The same effects held in a second mouse strain (C57BL/6), ruling out strain-specific artifacts. A 2019 follow-up study using metabolomics showed that MOTS-c treatment lowered plasma metabolites in three independent pathways — sphingolipid metabolism, monoacylglycerol metabolism, and dicarboxylate metabolism — all of which are elevated in metabolic syndrome.
For readers interested in other peptides studied for metabolic applications, see our guides on semaglutide and AOD-9604, as well as best peptides for fat loss.
Exercise Physiology
The most striking MOTS-c research came in January 2021, when Reynolds, Lee, and colleagues published a study in Nature Communications showing that MOTS-c treatment dramatically improved physical performance in mice across all age groups.
Young mice (2 months), middle-aged mice (12 months), and old mice (22 months) all showed improved running capacity after acute MOTS-c treatment. The old mice were particularly remarkable — they doubled their running distance on a treadmill and even outperformed untreated middle-aged mice.
Even more impressive: when the researchers initiated intermittent MOTS-c treatment (three times per week) in mice at 23.5 months of age — roughly equivalent to humans in their late 70s — the treated mice showed improved grip strength, longer stride length, and better physical performance on walking tests.
In humans, the same study measured MOTS-c levels in skeletal muscle and blood during exercise. Muscle MOTS-c levels increased nearly 12-fold during exercise, with plasma levels rising approximately 50%. These levels remained partially elevated four hours after exercise ended.
A 2024 study in Free Radical Biology and Medicine extended these findings to marathon runners versus sedentary individuals, showing a strong correlation between serum MOTS-c levels and aerobic capacity. The authors proposed that endurance training promotes MOTS-c secretion from skeletal muscle, which in turn improves mitochondrial respiratory function through the AMPK/PGC-1alpha pathway.
These exercise-related findings place MOTS-c alongside other peptides studied for athletic performance and mitochondrial health.
Aging and Insulin Sensitivity
MOTS-c levels decline with age in both mice and humans. In mouse studies, circulating MOTS-c drops progressively in skeletal muscle and blood as animals age, coinciding with the development of insulin resistance. Human data shows that blood MOTS-c levels in young adults are roughly 11% higher than in middle-aged adults and 21% higher than in older adults.
Restoring MOTS-c in older mice (12 months) through systemic injection reversed age-dependent skeletal muscle insulin resistance. The hyperinsulinemic-euglycemic clamp technique confirmed that MOTS-c improves insulin sensitivity specifically in skeletal muscle (increasing glucose clearance) rather than in the liver (reducing glucose production).
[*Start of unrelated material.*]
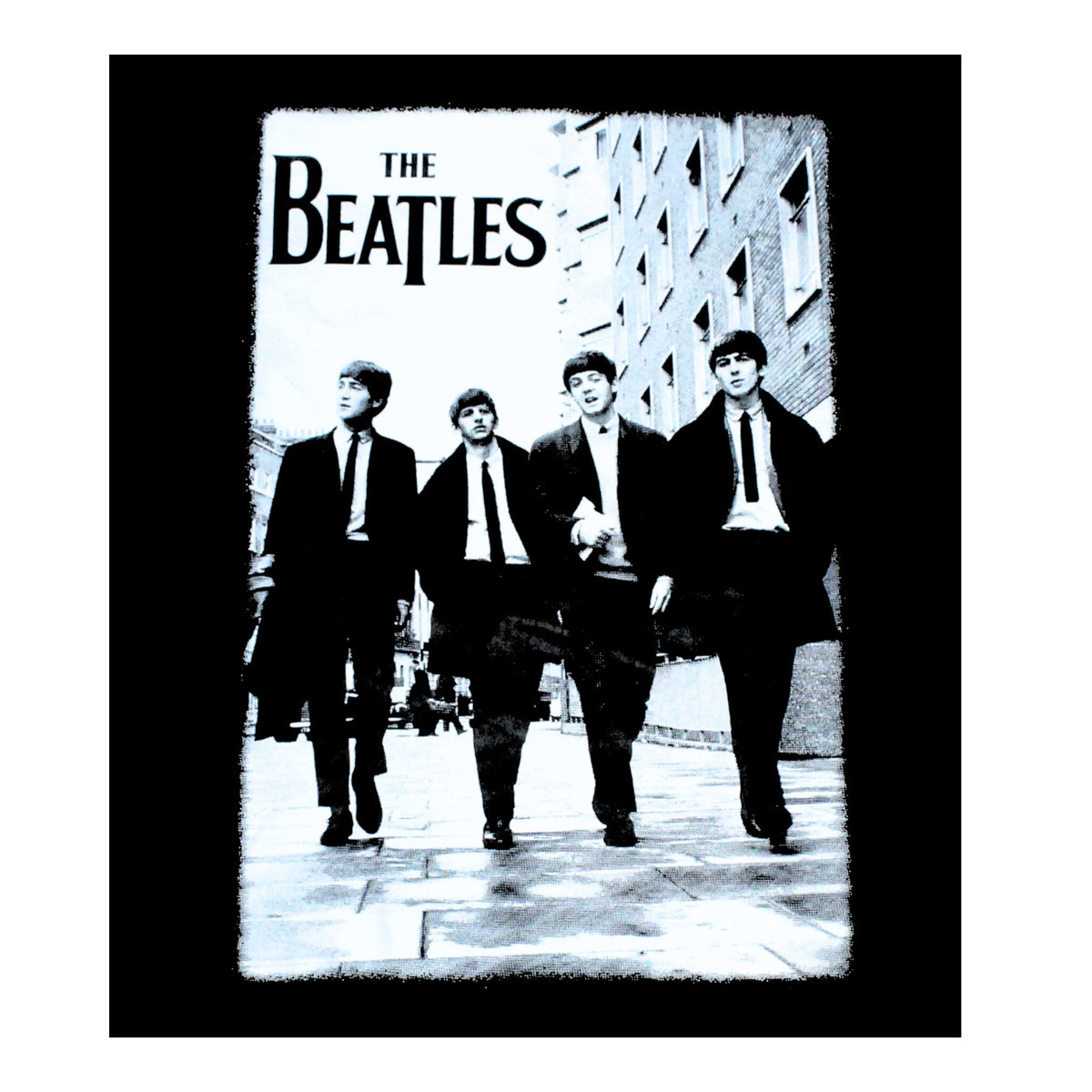 Black and white photo of The Beatles walking together with 'The Beatles' text above.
A 2025 study in Experimental & Molecular Medicine showed that MOTS-c also declines in aging pancreatic islet cells. Treating aged mouse pancreatic islets with MOTS-c reduced cellular senescence and improved glucose intolerance in diabetic mouse models. In humans, circulating MOTS-c was lower in type 2 diabetes patients than in healthy controls.
For broader context on peptides in longevity research, see Epitalon and the best peptides for anti-aging and longevity guide.
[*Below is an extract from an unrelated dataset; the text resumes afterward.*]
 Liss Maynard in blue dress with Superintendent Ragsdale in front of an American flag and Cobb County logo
The K14Q Variant and the Longevity Paradox
A naturally occurring mtDNA polymorphism (m.1382A>C) causes a lysine-to-glutamine substitution at position 14 of the MOTS-c peptide, creating the K14Q variant. This variant is specific to Northeast Asian populations and is part of mitochondrial haplogroup D4b2 — a haplogroup associated with exceptional longevity in Japanese centenarians.
But there's a twist. A meta-analysis of three cohorts (n = 27,527) showed that men carrying the C-allele had higher rates of type 2 diabetes — but only if they were physically inactive. Men in the highest third of physical activity showed no increased diabetes risk. A 2024 study confirmed that K14Q MOTS-c has more than 10-fold weaker binding to casein kinase 2 alpha (CK2alpha), one of its direct molecular targets. In high-fat-diet mice, wild-type MOTS-c improved glucose tolerance; the K14Q variant did not.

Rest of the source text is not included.